Ainda na sessão desta terça-feira 28, o colegiado determinou a intimação da procuradora e do ex-presidente para se pronunciarem, em 10 dias, sobre eventual interesse na realização de audiência de conciliação.
Na ação, a procuradora relata que, em janeiro de 2022, em entrevista ao programa “Pingos nos Is”, da emissora Jovem Pan, o então presidente afirmou que ela teria “forjado provas” em investigação contra ele.

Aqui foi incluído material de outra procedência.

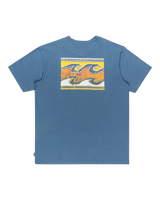 The Billabong Mens Crayon Wave T-Shirt in Slate Blue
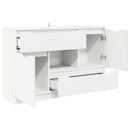 Sideboard med skuffe Hvid 100 x 30 x 65,6 Konstrueret træ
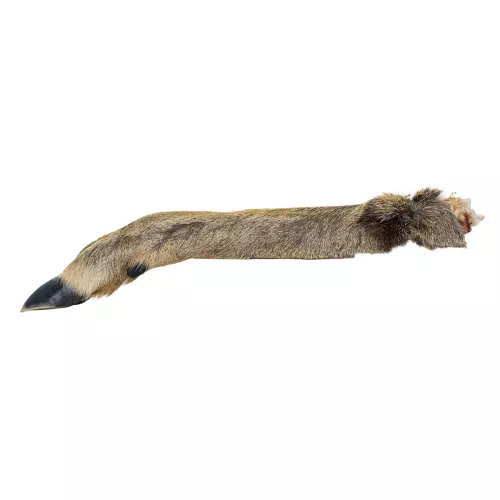 Srnčí nožka s kožešinou - 1 ks / 30 cm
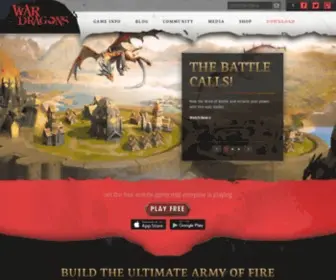 Wardragons.com(War Dragons) Screenshot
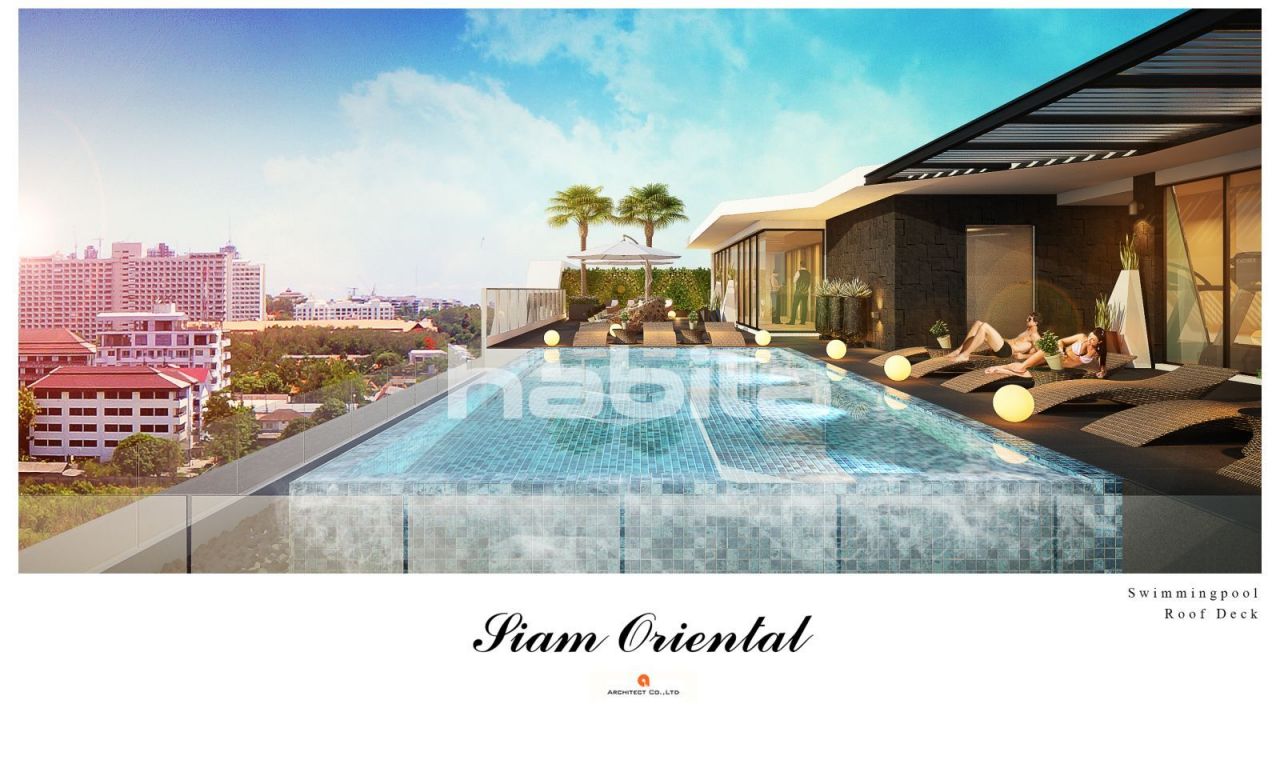 Appartamento a Pattaya, Thailandia, 28 m² - foto 3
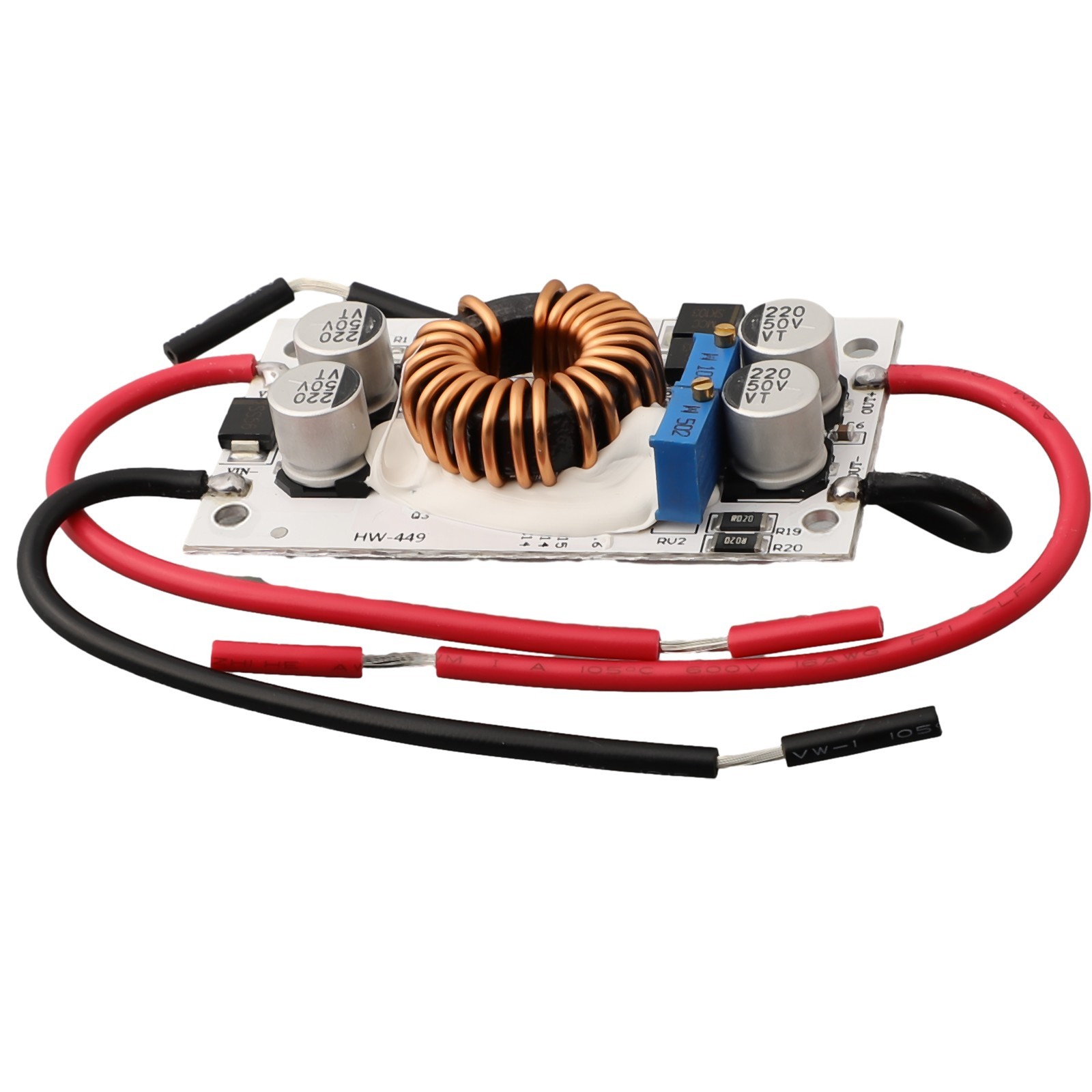 250W Constant Current Power Supply Step Up Boost Converter 8V 48V Input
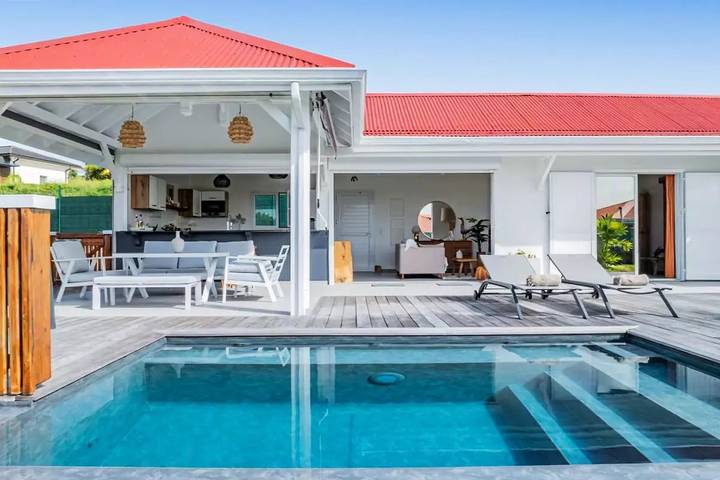 Villa pour 4 personnes, avec piscine ainsi que vue et jardin dans Marie-Galante - 3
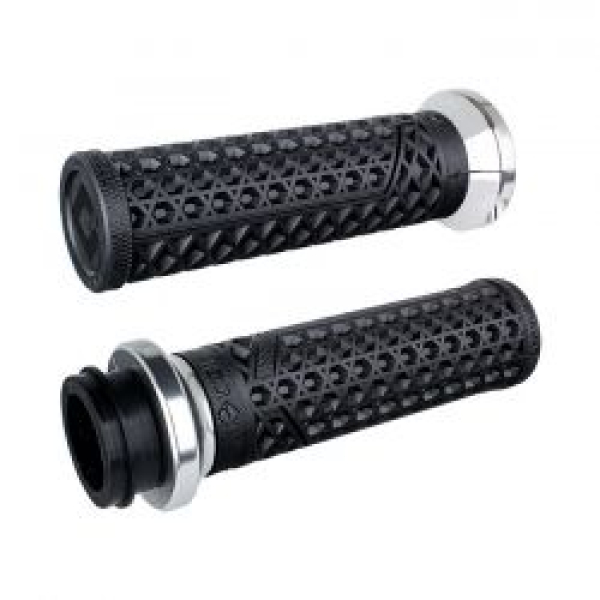 ODI, V-twin Lock-on Griffe Vans Signature, schwarz/silber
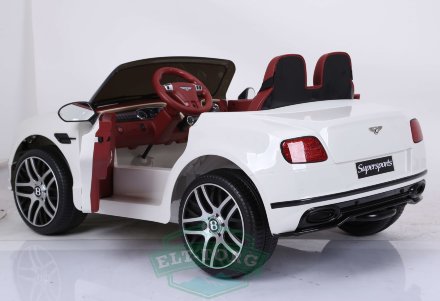 Детский электромобиль BENTLEY CONTINENTAL SUPERSPORTS JE1155 белый (ЛИЦЕНЗИОННАЯ МОДЕЛЬ) Детский электромобиль BENTLEY CONTINENTAL SUPERSPORTS JE1155 белый (ЛИЦЕНЗИОННАЯ МОДЕЛЬ)
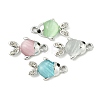 UV Plating Alloy Rhinestone Pendants FIND-M033-16P-1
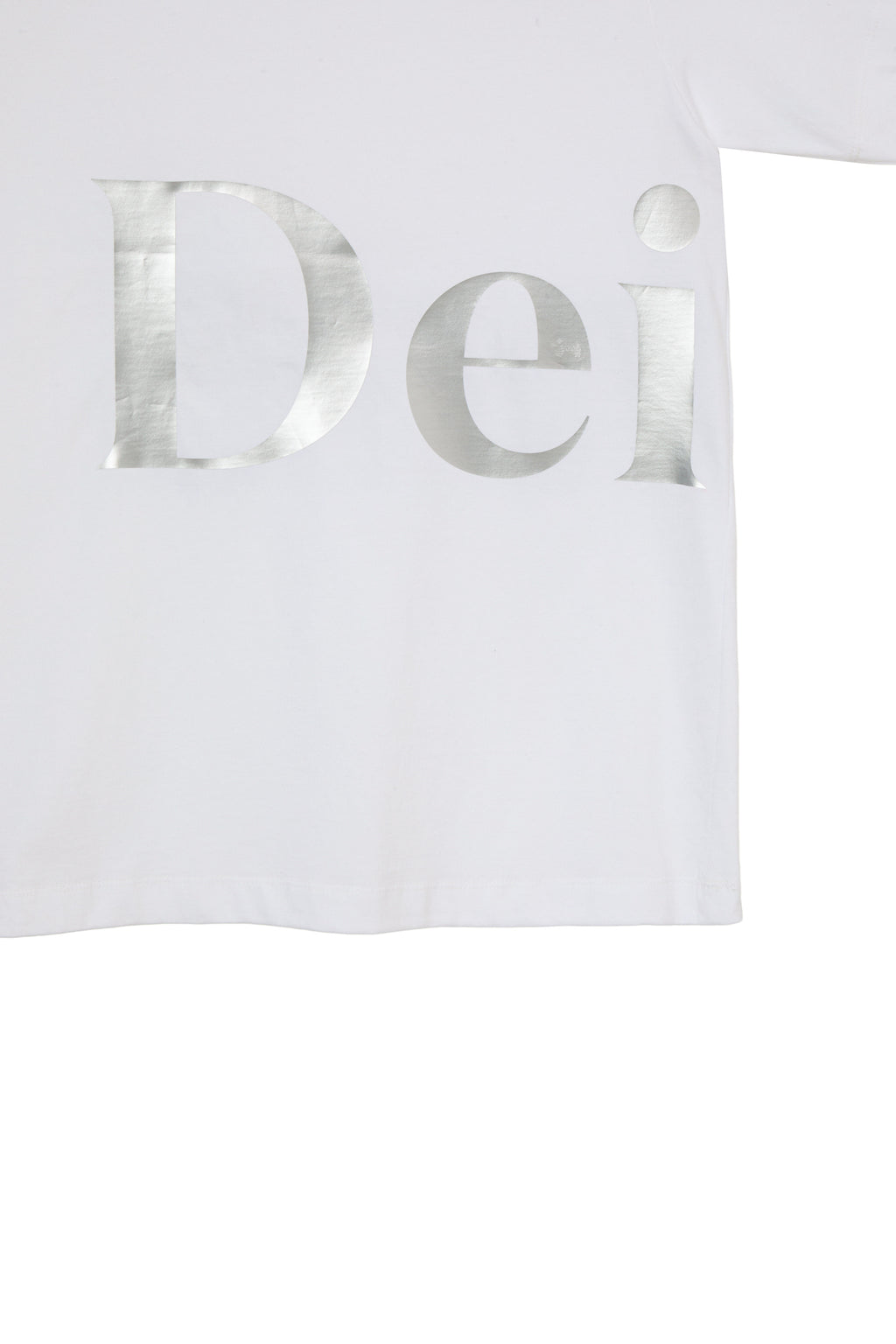Deinet - Silver Logo T-Shirt (White) product image 12 | TRAB K-Fashion Australia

O caso dizia respeito a um suposto crime ambiental (pesca em área protegida) praticado em 2012, quando Bolsonaro ainda exercia o mandato de deputado federal.
Em março de 2023, a ministra Cármen Lúcia (relatora) remeteu o processo à Justiça Federal da 1ª Região, porque, naquela época, o STF não seria a instância competente para analisá-lo, uma vez que Bolsonaro não tinha mais foro na Corte após o fim do mandato presidencial.
O Ministério Público Federal recorreu dessa decisão sob o argumento de que a Corte alterou a jurisprudência sobre o alcance do foro.
Em sessão virtual em 2024, a relatora havia votado contra o recurso da PGR. Na sessão desta terça, porém, ela apontou que em março de 2025 o plenário fixou a tese de que a prerrogativa de foro para julgamento de crimes praticados no cargo em razões das funções permanece, mesmo após o afastamento.
Diante dessa mudança de entendimento, ela votou para reconhecer a competência do STF para julgar a queixa-crime. Os ministros Alexandre de Moraes, Cristiano Zanin e Flávio Dino acompanharam a relatora.